After meditation, we are asked to return back for further instruction. Goenka comes on the speaker and speaks on the comparison being a root of misery. When we compare ourselves to our fellow meditators, for example, or even ourselves in the past. I completely get this, and it’s the reason I have a slight aversion to social media. These recordings have all been recorded in 1991, by the way. I wonder what Goenka would think of society if he were alive right now, with all of us glued to our electronics.

While waiting for lunch, I notice the men across the way also waiting for the sound of the bell to enter. We are so far apart in everything we do, that I can’t help also making assumptions about them too. Apparently, the pregnant woman’s husband is also doing this, as well as some of the other women. I wonder if they try to look for each other. It would be hard to have my partner on the other side, without being able to communicate.

Lunch is good. Sweet potatoes with baked tofu (perfect with sriracha) which kind of tastes like chicken nuggets. As I am eating, I notice the writer I met on the first day, playing with something outside. I then see the desert squirrel. He/she is back! She is feeding the little bundle of joy seeds. Soon after, I follow suit and bring seeds and get close and personal with this bubble of fur. Others join in on the fun. One of them is the cute older Indian women who is here with her daughter. We are trying so hard not to crack up from the cuteness overload.
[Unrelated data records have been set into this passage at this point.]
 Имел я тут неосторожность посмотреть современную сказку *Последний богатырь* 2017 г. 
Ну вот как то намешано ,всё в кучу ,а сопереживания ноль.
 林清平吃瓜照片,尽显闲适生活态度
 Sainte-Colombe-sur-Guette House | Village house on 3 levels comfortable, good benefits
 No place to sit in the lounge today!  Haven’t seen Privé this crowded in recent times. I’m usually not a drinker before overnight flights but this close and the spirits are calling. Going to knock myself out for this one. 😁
While meeting with the teacher, I asked what Goenka means about measuring our success via equanimity. She says our success is measured by how calm and balanced we remain inside and out of our practice. I ask if meditation gets any easier as time goes on, and she responds it gets different. But yes, an hour seems like no time at all after a while. I explain that I came here with certain intentions, but I am not finding the answers I need. She explained, that with further practice, I will gain more clarity. I then ask if any longitudinal studies have been conducted on Vipassana and substance dependence. She said it’s difficult because those who are dependent generally don’t want to to stay clean long enough to complete this. I then think, maybe if they did this straight after rehab, for example, before or instead of going to a sober living home it could be plausible.

Goenka told us a story yesterday of a woman who lost her two-year-old and was in complete denial of it. She went to Buddha and begged him to bring her child back to life. He asked her to bring him a bag of lentils, but only from a home where no one has died. She soon realizes that death is unavoidable, everyone experiences it, and decides to complete a Vipassana retreat and ultimately finds happiness. I walk my two rounds and take a refreshing shower. Afternoon meditation is fine, but I keep hearing the teacher whispering about someone in the back. Lydia’s cough drops are driving me NUTS.
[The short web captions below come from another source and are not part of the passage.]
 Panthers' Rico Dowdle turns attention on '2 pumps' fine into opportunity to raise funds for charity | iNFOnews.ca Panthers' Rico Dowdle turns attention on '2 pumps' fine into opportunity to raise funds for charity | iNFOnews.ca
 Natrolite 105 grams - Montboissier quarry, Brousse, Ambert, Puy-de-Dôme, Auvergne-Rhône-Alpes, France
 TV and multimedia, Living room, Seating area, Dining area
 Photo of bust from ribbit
At the tea break, the cute Indian lady looks at me and then looks at where the squirrel was and shrugs her shoulders to say that the cute animal isn’t here, sadly. I want to communicate that they will probably be back tomorrow for more. Tea time is fine, and I take two extra oxy mag supplements because I still haven’t gone to the restroom. Ugh. Meanwhile, I see one of the older woman looking at the posters in the kitchen, skipping days ahead. A few of us get in on this delinquency. We see that Sunday will start at 4:30 AM for all of us in the hall. Yippee. The course is not over until 7:30 AM, which I assume is when we will start cleaning and leave. I fantasize about what I will eat when I regain my freedom. Mmm. Eggs!

I walk a few rounds around the trail and enjoy the sunset, taking a brief seat on the rock facing the mountain, and think maybe I will miss this… then break into laughter. Evening meditation was tough, it felt like forever. I notice my visual snowoften gets in the way, it’s been more active than ever before. For those who aren’t familiar, visual snow is like constantly looking into a kaleidoscope when your eyes are shut, while everything has fuzz on it. It’s super fun.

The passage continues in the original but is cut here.